_WORK REQUEST_
What is needed is a faithful transcription of all the data below, pictures excluded.

_THE DATA_
--------------------------------------------------

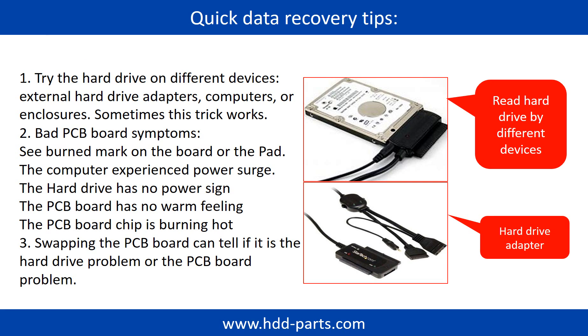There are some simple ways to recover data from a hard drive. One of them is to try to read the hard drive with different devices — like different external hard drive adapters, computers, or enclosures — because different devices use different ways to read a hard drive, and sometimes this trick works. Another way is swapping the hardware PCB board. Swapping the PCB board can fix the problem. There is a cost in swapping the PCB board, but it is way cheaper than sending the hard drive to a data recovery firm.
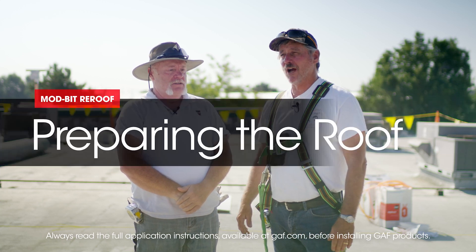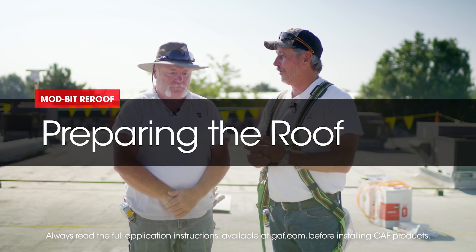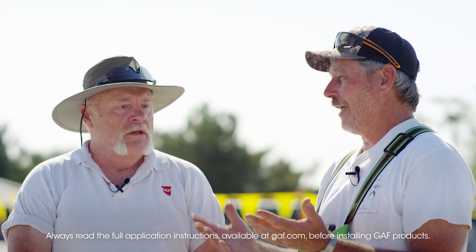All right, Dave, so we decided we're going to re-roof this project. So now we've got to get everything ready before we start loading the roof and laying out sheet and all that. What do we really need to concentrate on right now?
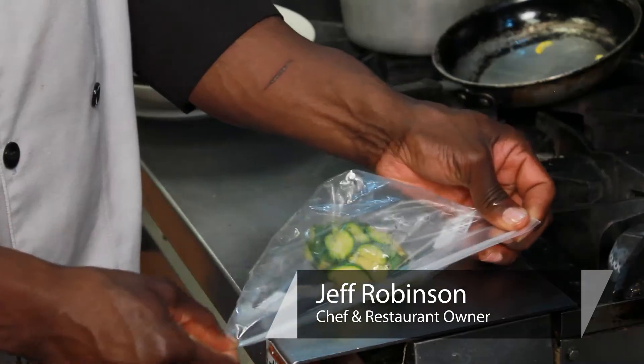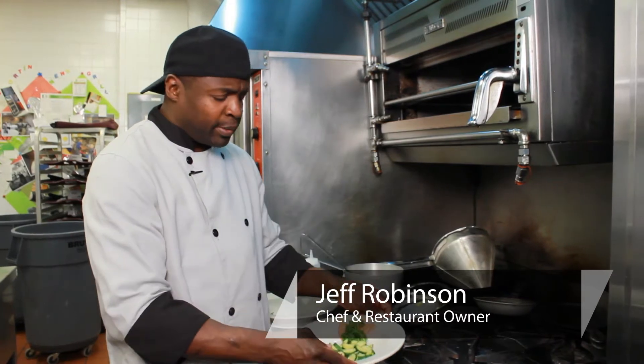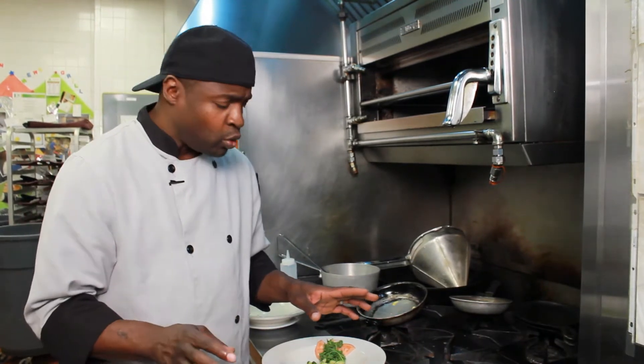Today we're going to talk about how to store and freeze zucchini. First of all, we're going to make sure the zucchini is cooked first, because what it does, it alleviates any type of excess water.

--------------------------------------------------

_ANSWER_
There are some simple ways to recover data from a hard drive. One of them is to try to read the hard drive with different devices — like different external hard drive adapters, computers, or enclosures — because different devices use different ways to read a hard drive, and sometimes this trick works. Another way is swapping the hardware PCB board. Swapping the PCB board can fix the problem. There is a cost in swapping the PCB board, but it is way cheaper than sending the hard drive to a data recovery firm.
All right, Dave, so we decided we're going to re-roof this project. So now we've got to get everything ready before we start loading the roof and laying out sheet and all that. What do we really need to concentrate on right now?
Today we're going to talk about how to store and freeze zucchini. First of all, we're going to make sure the zucchini is cooked first, because what it does, it alleviates any type of excess water.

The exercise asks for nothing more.